After two years in office, and with a lot on the line in a special election that he called, the governor had pretty much given up the mall scene in favor of “invitation only” events, with crowds hand-picked by the Governor’s staff, often at a place of business. Republican political consultant Kevin Spillane says it’s a typical move for an elected official on the campaign trail/  “It’s normal for campaign staffs to keep a tight wrap on the candidate and so it’s  standard operating procedure to control the message and stay on message as much as possible.”
 
While it may be typical strategy, the more controlled message emerged earlier this year,just as Schwarzenegger’s public approval ratings took a dive.
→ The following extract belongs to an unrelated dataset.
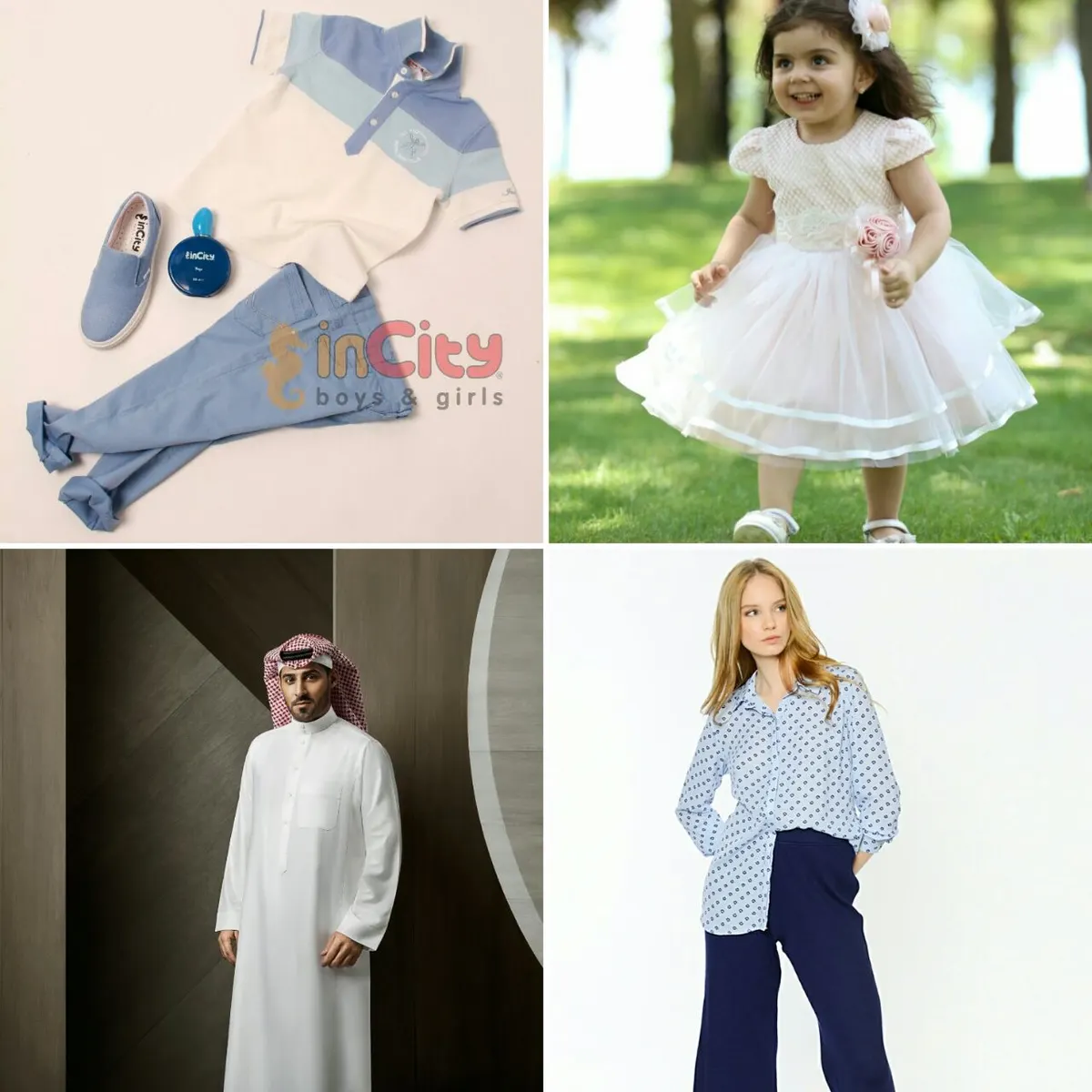 «الراشد بلازا» يقدم عروض عيد الفطر ويمدد ساعات العمل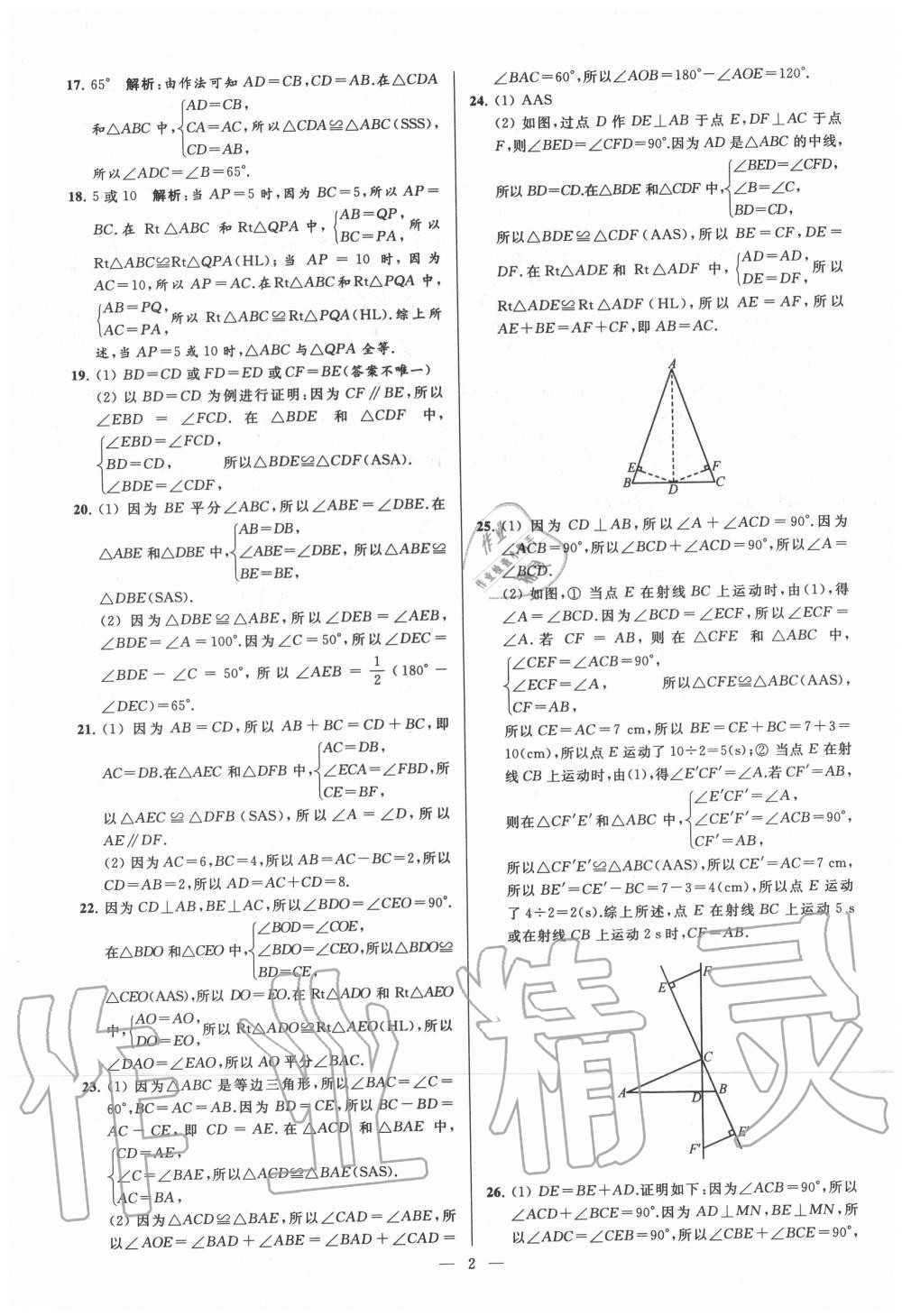 2020年亮点给力大试卷八年级数学上册苏科版 第2页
They haven’t recovered. Sacramento Bee columnist Dan Weintraub says the Governor was wasting time with the controlled town hall meetings.  “The point of those events is not to be speaking to a hand-picked audience, it’s to get coverage in the statewide media. What happened was he wasn’t getting much coverage at all.”
 
But in these last few weeks of the special election campaign, Political analyst Sherry Bebitch-Jeffe  notes the Governor has resurrected some spontaneity.  “And so what the Schwarzenegger people are trying to re-capture I think is the dynamism and the charisma during the recall-replacement campaign.”
 
But Schwarzenegger’s campaign adviser Todd Harris says examination of the governor’s different campaign styles is misleading media obsession. “What you’re seeing is a different phase of the campaign, because we’re in the final home stretch right now so now is the time for these kinds of events.”
 
Schwarzenegger’s more recent strategy has included glad-handingat some restaurants to distribute his voter guide, a bus tour and more town hall meetings. But this time, the audiences haven’t been picked by his campaign team.  That poses a risk. For example, the governor found participants in a recent televised town hall program on the Spanish language Univision network eager to talk—just not about his ballot initiatives. 
 
Schwarzenegger’s performance at these events has been picked apart by both sides, some say he’s at ease and communicating effectively. Others say he sometimes looked unsure of himself and they decry a lack of real debate on the initiatives. 
 
Schwarzenegger’s advisers brush off criticisms over their control of the message, saying different phases of campaigns warrant different styles of campaigning. But the governor may want to stick with the more spontaneous style as he heads for yet another campaign in the coming months.  While statistics and history are on his side for re-election, current poll numbers show he has an uphill battle.